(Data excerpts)
· · ·

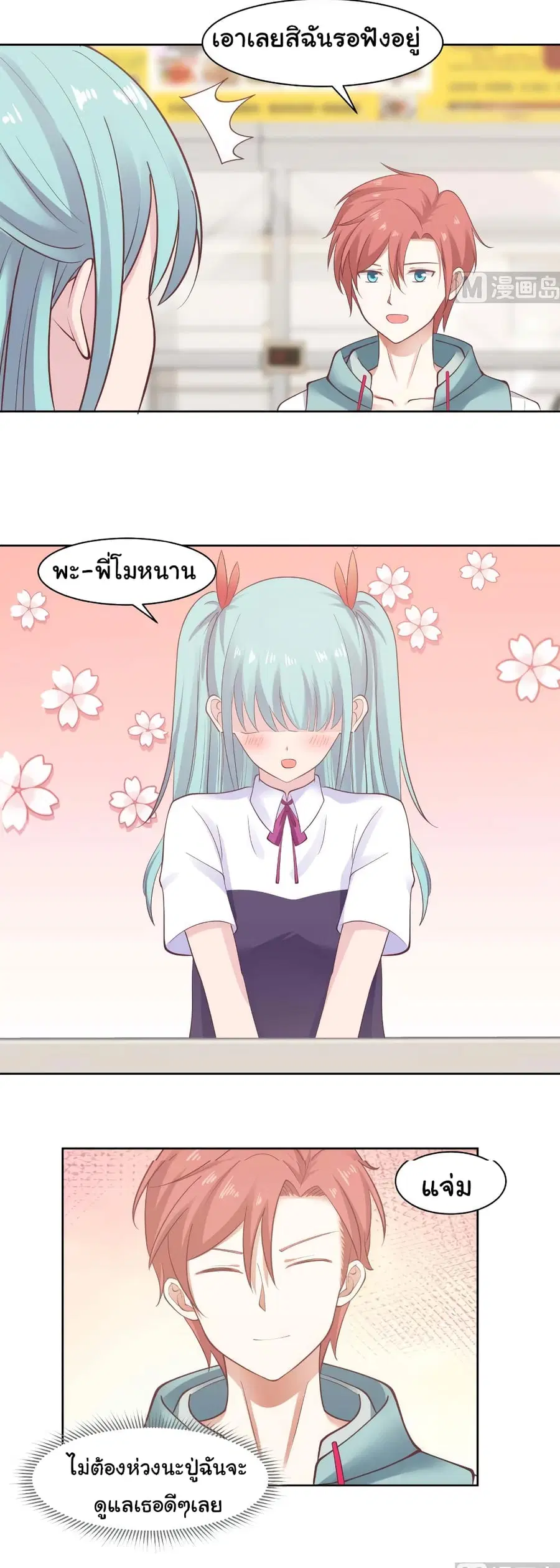 I Have a Dragon in My Body ตอนที่ 177 หน้า 3
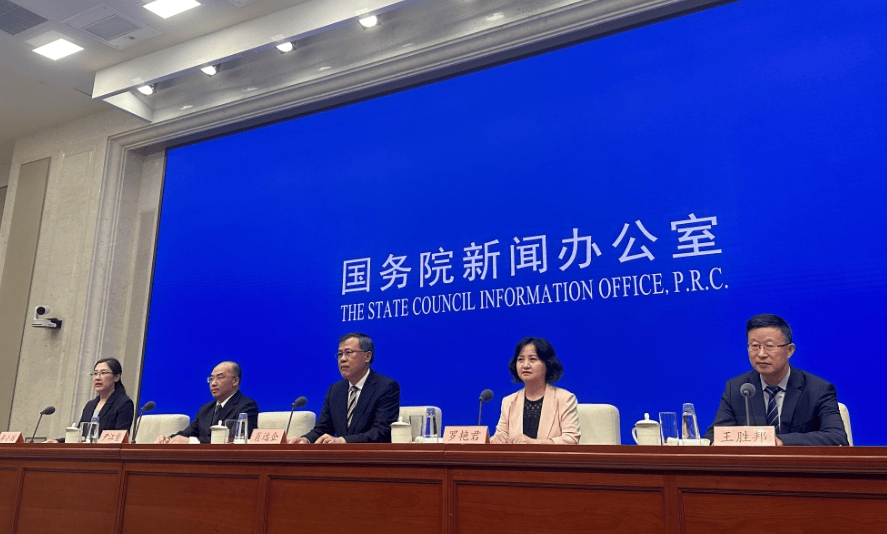 金融监管总局答每经问：推动保险机构通过设立私募证券投资基金开展长期股票投资试点，后续将扩大试点范围
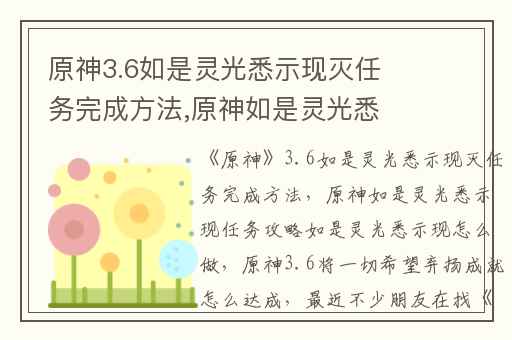 原神3.6如是灵光悉示现灭任务完成方法,原神如是灵光悉示现任务攻略如是灵光悉示现怎么做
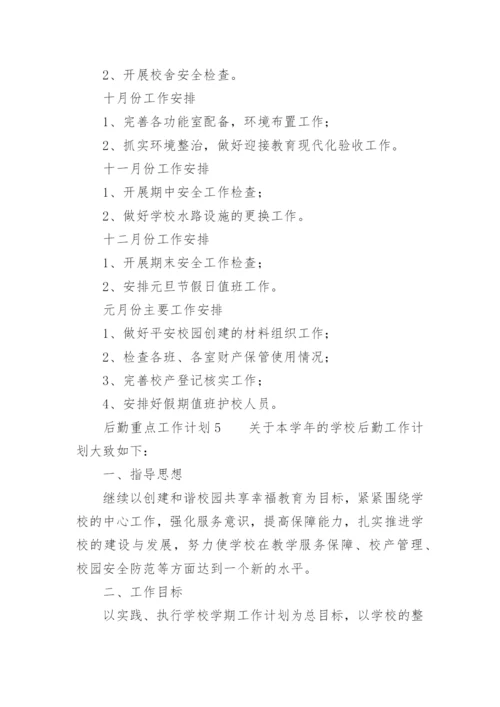 后勤重点工作计划.docx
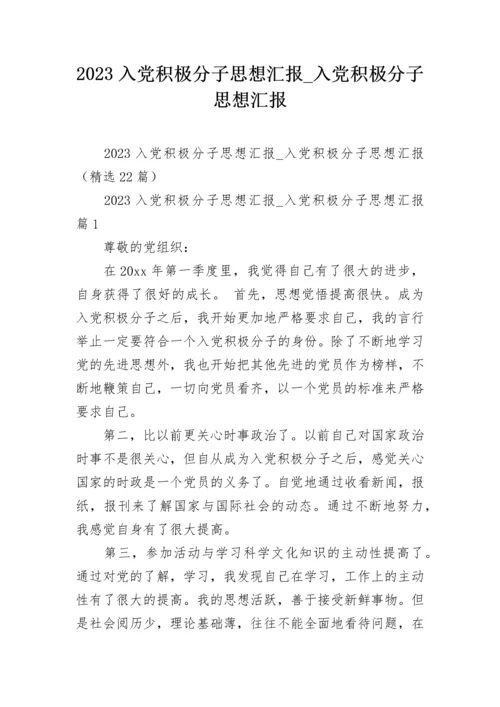 2023入党积极分子思想汇报_入党积极分子思想汇报.docx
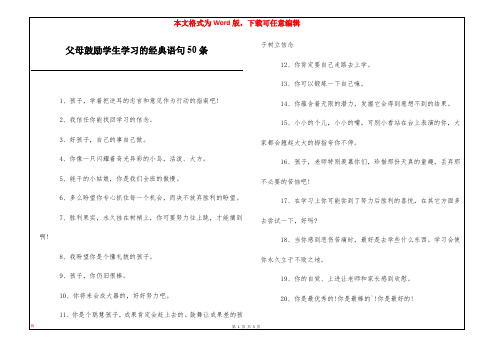 父母鼓励学生学习的经典语句50条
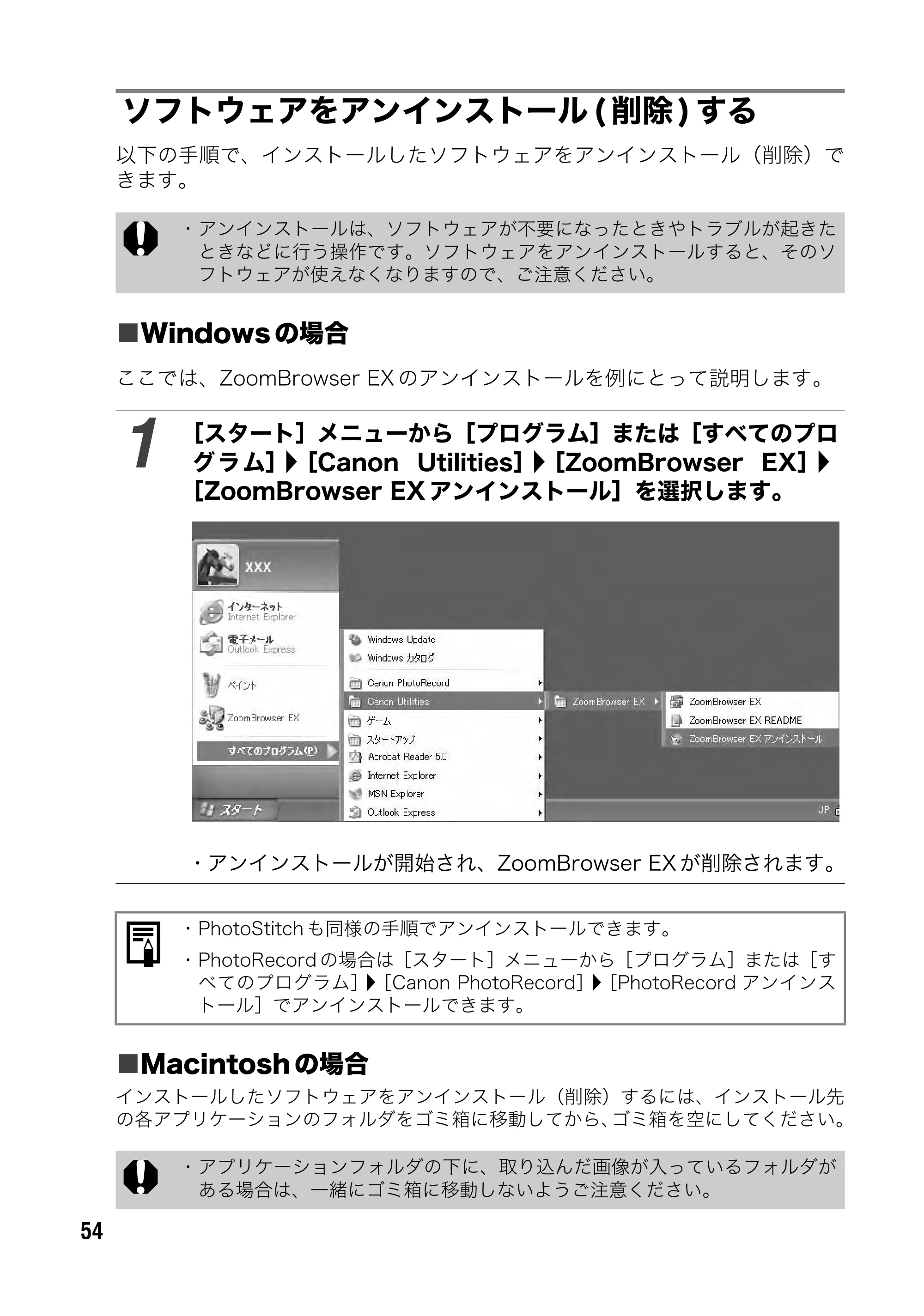 キヤノン SELPHY CP500/CP400 ユーザーガイド （PDF形式／2.03Mバイト） — 原本ページ — 55ページ
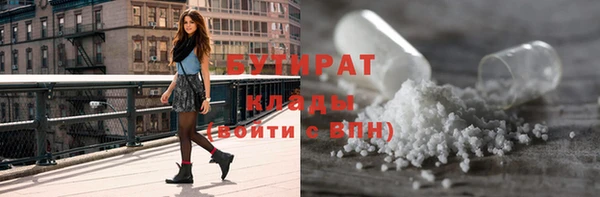 дживик Аркадак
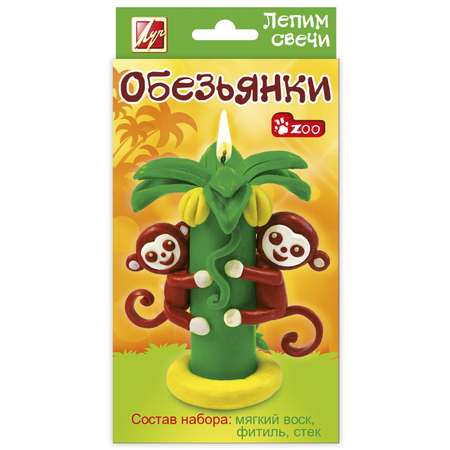 Пластилин Луч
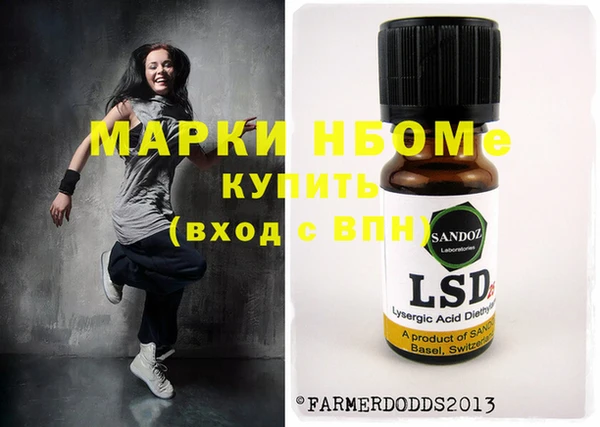 mdpv Алексеевка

· · ·

TO DO - Down to the last line, set down the data above exactly, and omit all images.

THE COMPLETED TASK -
 I Have a Dragon in My Body ตอนที่ 177 หน้า 3
 金融监管总局答每经问：推动保险机构通过设立私募证券投资基金开展长期股票投资试点，后续将扩大试点范围
 原神3.6如是灵光悉示现灭任务完成方法,原神如是灵光悉示现任务攻略如是灵光悉示现怎么做
 后勤重点工作计划.docx
 2023入党积极分子思想汇报_入党积极分子思想汇报.docx
 父母鼓励学生学习的经典语句50条
 キヤノン SELPHY CP500/CP400 ユーザーガイド （PDF形式／2.03Mバイト） — 原本ページ — 55ページ
 дживик Аркадак
 Пластилин Луч
 mdpv Алексеевка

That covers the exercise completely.